◆ **Exercise material**
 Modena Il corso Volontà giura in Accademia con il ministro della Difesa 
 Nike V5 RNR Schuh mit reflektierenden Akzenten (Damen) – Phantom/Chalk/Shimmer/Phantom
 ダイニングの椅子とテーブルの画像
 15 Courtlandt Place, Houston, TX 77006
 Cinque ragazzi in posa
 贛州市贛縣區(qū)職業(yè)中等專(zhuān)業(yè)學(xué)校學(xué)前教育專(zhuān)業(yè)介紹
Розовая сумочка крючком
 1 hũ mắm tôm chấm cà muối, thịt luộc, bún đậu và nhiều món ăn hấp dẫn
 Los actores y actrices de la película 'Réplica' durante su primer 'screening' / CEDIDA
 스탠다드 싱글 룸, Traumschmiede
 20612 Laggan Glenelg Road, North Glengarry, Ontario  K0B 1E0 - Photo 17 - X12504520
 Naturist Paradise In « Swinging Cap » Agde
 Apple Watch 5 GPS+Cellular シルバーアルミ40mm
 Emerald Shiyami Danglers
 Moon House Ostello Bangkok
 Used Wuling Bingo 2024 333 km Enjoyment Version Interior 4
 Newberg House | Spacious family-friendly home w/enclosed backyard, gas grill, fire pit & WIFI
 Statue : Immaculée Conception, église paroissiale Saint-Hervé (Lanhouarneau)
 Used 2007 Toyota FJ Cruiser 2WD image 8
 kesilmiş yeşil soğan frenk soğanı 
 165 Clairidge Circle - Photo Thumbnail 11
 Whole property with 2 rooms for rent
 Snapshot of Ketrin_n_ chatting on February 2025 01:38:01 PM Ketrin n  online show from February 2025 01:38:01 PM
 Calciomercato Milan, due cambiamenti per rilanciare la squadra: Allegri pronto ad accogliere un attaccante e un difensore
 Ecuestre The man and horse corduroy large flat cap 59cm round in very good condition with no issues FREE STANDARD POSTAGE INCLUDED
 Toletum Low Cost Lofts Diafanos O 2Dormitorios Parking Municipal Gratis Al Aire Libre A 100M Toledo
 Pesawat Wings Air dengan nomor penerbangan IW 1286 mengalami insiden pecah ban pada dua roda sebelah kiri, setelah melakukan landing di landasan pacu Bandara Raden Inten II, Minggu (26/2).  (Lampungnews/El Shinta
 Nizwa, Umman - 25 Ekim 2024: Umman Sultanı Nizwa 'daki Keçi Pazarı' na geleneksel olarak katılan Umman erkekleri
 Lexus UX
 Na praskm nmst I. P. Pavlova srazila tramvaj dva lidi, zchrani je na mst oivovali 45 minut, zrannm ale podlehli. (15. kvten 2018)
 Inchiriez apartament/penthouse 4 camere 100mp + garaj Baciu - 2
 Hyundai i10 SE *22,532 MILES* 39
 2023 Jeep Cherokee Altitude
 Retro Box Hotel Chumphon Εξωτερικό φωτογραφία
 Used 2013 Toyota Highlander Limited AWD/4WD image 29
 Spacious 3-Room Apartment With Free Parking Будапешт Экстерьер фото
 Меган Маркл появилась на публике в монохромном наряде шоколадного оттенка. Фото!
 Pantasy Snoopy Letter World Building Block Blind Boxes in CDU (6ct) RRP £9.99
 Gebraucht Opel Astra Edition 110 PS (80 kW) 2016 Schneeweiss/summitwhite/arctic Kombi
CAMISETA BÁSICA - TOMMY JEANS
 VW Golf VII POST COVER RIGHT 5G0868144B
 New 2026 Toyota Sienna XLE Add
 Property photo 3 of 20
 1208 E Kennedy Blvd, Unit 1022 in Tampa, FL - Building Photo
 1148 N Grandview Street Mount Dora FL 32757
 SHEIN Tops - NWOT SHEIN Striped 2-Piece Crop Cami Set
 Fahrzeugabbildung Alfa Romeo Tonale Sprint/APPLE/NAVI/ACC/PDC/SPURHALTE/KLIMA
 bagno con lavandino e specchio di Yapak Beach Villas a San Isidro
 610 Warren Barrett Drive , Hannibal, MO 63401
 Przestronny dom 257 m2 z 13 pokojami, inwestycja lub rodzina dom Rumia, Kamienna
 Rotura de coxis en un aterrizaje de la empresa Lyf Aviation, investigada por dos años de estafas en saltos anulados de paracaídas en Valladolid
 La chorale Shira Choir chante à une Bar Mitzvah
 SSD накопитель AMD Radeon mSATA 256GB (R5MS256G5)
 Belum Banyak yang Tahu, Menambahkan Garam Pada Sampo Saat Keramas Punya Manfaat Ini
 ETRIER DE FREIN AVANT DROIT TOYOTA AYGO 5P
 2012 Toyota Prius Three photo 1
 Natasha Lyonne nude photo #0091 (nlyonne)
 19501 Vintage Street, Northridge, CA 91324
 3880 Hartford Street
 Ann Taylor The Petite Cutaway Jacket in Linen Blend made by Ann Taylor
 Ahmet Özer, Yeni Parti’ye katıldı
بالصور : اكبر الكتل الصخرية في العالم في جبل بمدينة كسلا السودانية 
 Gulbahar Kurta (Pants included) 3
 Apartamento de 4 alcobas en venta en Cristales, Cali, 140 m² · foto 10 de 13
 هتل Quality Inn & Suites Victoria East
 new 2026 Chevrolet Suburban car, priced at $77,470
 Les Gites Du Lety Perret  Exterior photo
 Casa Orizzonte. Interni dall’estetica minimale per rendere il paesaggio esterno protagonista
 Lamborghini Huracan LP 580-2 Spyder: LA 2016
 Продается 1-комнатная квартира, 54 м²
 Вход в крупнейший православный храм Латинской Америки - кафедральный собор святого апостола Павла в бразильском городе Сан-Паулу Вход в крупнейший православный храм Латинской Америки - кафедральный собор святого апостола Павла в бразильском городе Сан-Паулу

◆ **Exercise requirements**
Every entry shown earlier is to be returned exactly, line for line.

◆ **Answer below**
 Modena Il corso Volontà giura in Accademia con il ministro della Difesa 
 Nike V5 RNR Schuh mit reflektierenden Akzenten (Damen) – Phantom/Chalk/Shimmer/Phantom
 ダイニングの椅子とテーブルの画像
 15 Courtlandt Place, Houston, TX 77006
 Cinque ragazzi in posa
 贛州市贛縣區(qū)職業(yè)中等專(zhuān)業(yè)學(xué)校學(xué)前教育專(zhuān)業(yè)介紹
Розовая сумочка крючком
 1 hũ mắm tôm chấm cà muối, thịt luộc, bún đậu và nhiều món ăn hấp dẫn
 Los actores y actrices de la película 'Réplica' durante su primer 'screening' / CEDIDA
 스탠다드 싱글 룸, Traumschmiede
 20612 Laggan Glenelg Road, North Glengarry, Ontario  K0B 1E0 - Photo 17 - X12504520
 Naturist Paradise In « Swinging Cap » Agde
 Apple Watch 5 GPS+Cellular シルバーアルミ40mm
 Emerald Shiyami Danglers
 Moon House Ostello Bangkok
 Used Wuling Bingo 2024 333 km Enjoyment Version Interior 4
 Newberg House | Spacious family-friendly home w/enclosed backyard, gas grill, fire pit & WIFI
 Statue : Immaculée Conception, église paroissiale Saint-Hervé (Lanhouarneau)
 Used 2007 Toyota FJ Cruiser 2WD image 8
 kesilmiş yeşil soğan frenk soğanı 
 165 Clairidge Circle - Photo Thumbnail 11
 Whole property with 2 rooms for rent
 Snapshot of Ketrin_n_ chatting on February 2025 01:38:01 PM Ketrin n  online show from February 2025 01:38:01 PM
 Calciomercato Milan, due cambiamenti per rilanciare la squadra: Allegri pronto ad accogliere un attaccante e un difensore
 Ecuestre The man and horse corduroy large flat cap 59cm round in very good condition with no issues FREE STANDARD POSTAGE INCLUDED
 Toletum Low Cost Lofts Diafanos O 2Dormitorios Parking Municipal Gratis Al Aire Libre A 100M Toledo
 Pesawat Wings Air dengan nomor penerbangan IW 1286 mengalami insiden pecah ban pada dua roda sebelah kiri, setelah melakukan landing di landasan pacu Bandara Raden Inten II, Minggu (26/2).  (Lampungnews/El Shinta
 Nizwa, Umman - 25 Ekim 2024: Umman Sultanı Nizwa 'daki Keçi Pazarı' na geleneksel olarak katılan Umman erkekleri
 Lexus UX
 Na praskm nmst I. P. Pavlova srazila tramvaj dva lidi, zchrani je na mst oivovali 45 minut, zrannm ale podlehli. (15. kvten 2018)
 Inchiriez apartament/penthouse 4 camere 100mp + garaj Baciu - 2
 Hyundai i10 SE *22,532 MILES* 39
 2023 Jeep Cherokee Altitude
 Retro Box Hotel Chumphon Εξωτερικό φωτογραφία
 Used 2013 Toyota Highlander Limited AWD/4WD image 29
 Spacious 3-Room Apartment With Free Parking Будапешт Экстерьер фото
 Меган Маркл появилась на публике в монохромном наряде шоколадного оттенка. Фото!
 Pantasy Snoopy Letter World Building Block Blind Boxes in CDU (6ct) RRP £9.99
 Gebraucht Opel Astra Edition 110 PS (80 kW) 2016 Schneeweiss/summitwhite/arctic Kombi
CAMISETA BÁSICA - TOMMY JEANS
 VW Golf VII POST COVER RIGHT 5G0868144B
 New 2026 Toyota Sienna XLE Add
 Property photo 3 of 20
 1208 E Kennedy Blvd, Unit 1022 in Tampa, FL - Building Photo
 1148 N Grandview Street Mount Dora FL 32757
 SHEIN Tops - NWOT SHEIN Striped 2-Piece Crop Cami Set
 Fahrzeugabbildung Alfa Romeo Tonale Sprint/APPLE/NAVI/ACC/PDC/SPURHALTE/KLIMA
 bagno con lavandino e specchio di Yapak Beach Villas a San Isidro
 610 Warren Barrett Drive , Hannibal, MO 63401
 Przestronny dom 257 m2 z 13 pokojami, inwestycja lub rodzina dom Rumia, Kamienna
 Rotura de coxis en un aterrizaje de la empresa Lyf Aviation, investigada por dos años de estafas en saltos anulados de paracaídas en Valladolid
 La chorale Shira Choir chante à une Bar Mitzvah
 SSD накопитель AMD Radeon mSATA 256GB (R5MS256G5)
 Belum Banyak yang Tahu, Menambahkan Garam Pada Sampo Saat Keramas Punya Manfaat Ini
 ETRIER DE FREIN AVANT DROIT TOYOTA AYGO 5P
 2012 Toyota Prius Three photo 1
 Natasha Lyonne nude photo #0091 (nlyonne)
 19501 Vintage Street, Northridge, CA 91324
 3880 Hartford Street
 Ann Taylor The Petite Cutaway Jacket in Linen Blend made by Ann Taylor
 Ahmet Özer, Yeni Parti’ye katıldı
بالصور : اكبر الكتل الصخرية في العالم في جبل بمدينة كسلا السودانية 
 Gulbahar Kurta (Pants included) 3
 Apartamento de 4 alcobas en venta en Cristales, Cali, 140 m² · foto 10 de 13
 هتل Quality Inn & Suites Victoria East
 new 2026 Chevrolet Suburban car, priced at $77,470
 Les Gites Du Lety Perret  Exterior photo
 Casa Orizzonte. Interni dall’estetica minimale per rendere il paesaggio esterno protagonista
 Lamborghini Huracan LP 580-2 Spyder: LA 2016
 Продается 1-комнатная квартира, 54 м²
 Вход в крупнейший православный храм Латинской Америки - кафедральный собор святого апостола Павла в бразильском городе Сан-Паулу Вход в крупнейший православный храм Латинской Америки - кафедральный собор святого апостола Павла в бразильском городе Сан-Паулу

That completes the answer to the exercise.